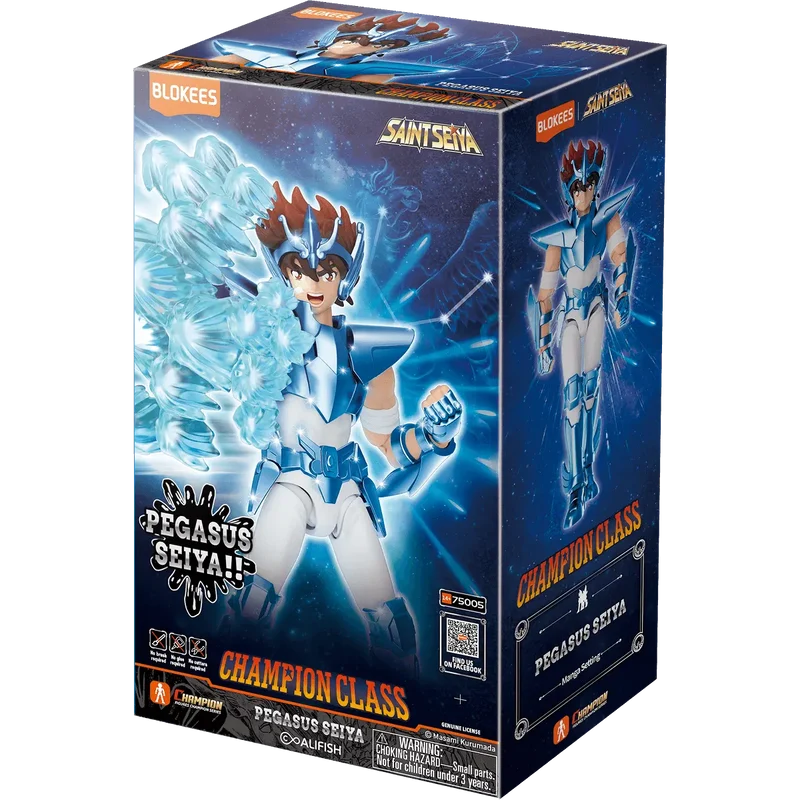 Figurine à assembler Blokees Saint Seiya Champion Class – Pegasus Seiya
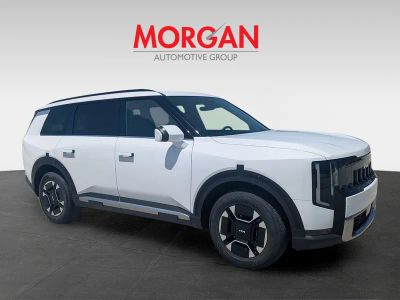 2027 Kia Telluride Hybrid — side profile view
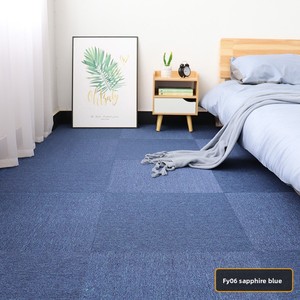 Losetas de Alfombra Geométricas de PVC GHT Century Kerry, Encajables, Antideslizantes y Ecológicas para Hogar, Oficina, Dormitorio y Restaurante - Product Image 4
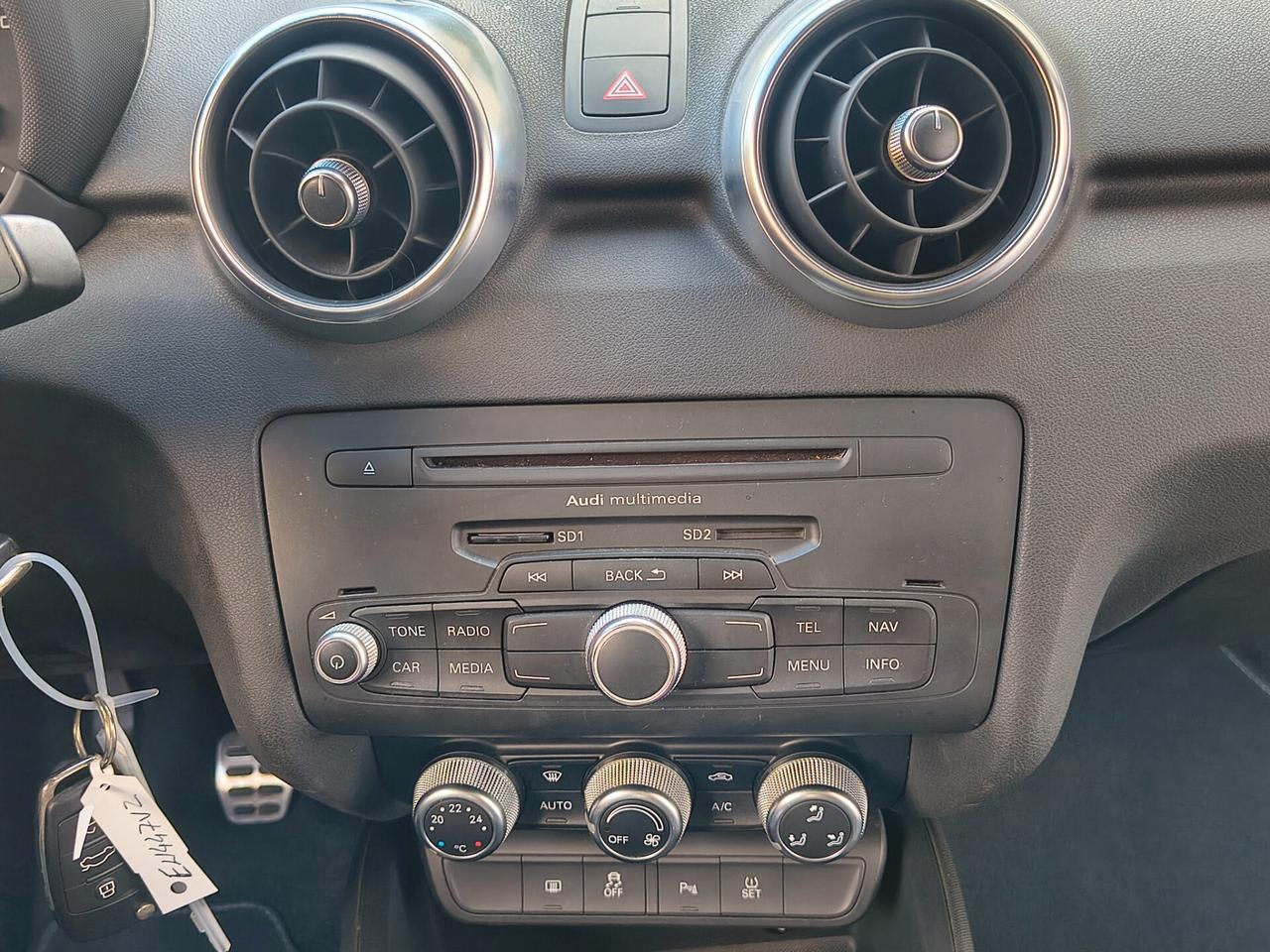 AUDI A1 1.6 TDI 105 CV AMBITION "OK NEOPATENTATI"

#####

- _Work item_
Retype only the lines from the line with "Losetas de Alfombra" through the last line of the data. Keep both ends and skip the pictures.

- _Result of this exercise_
 Losetas de Alfombra Geométricas de PVC GHT Century Kerry, Encajables, Antideslizantes y Ecológicas para Hogar, Oficina, Dormitorio y Restaurante - Product Image 4
 AUDI A1 1.6 TDI 105 CV AMBITION "OK NEOPATENTATI"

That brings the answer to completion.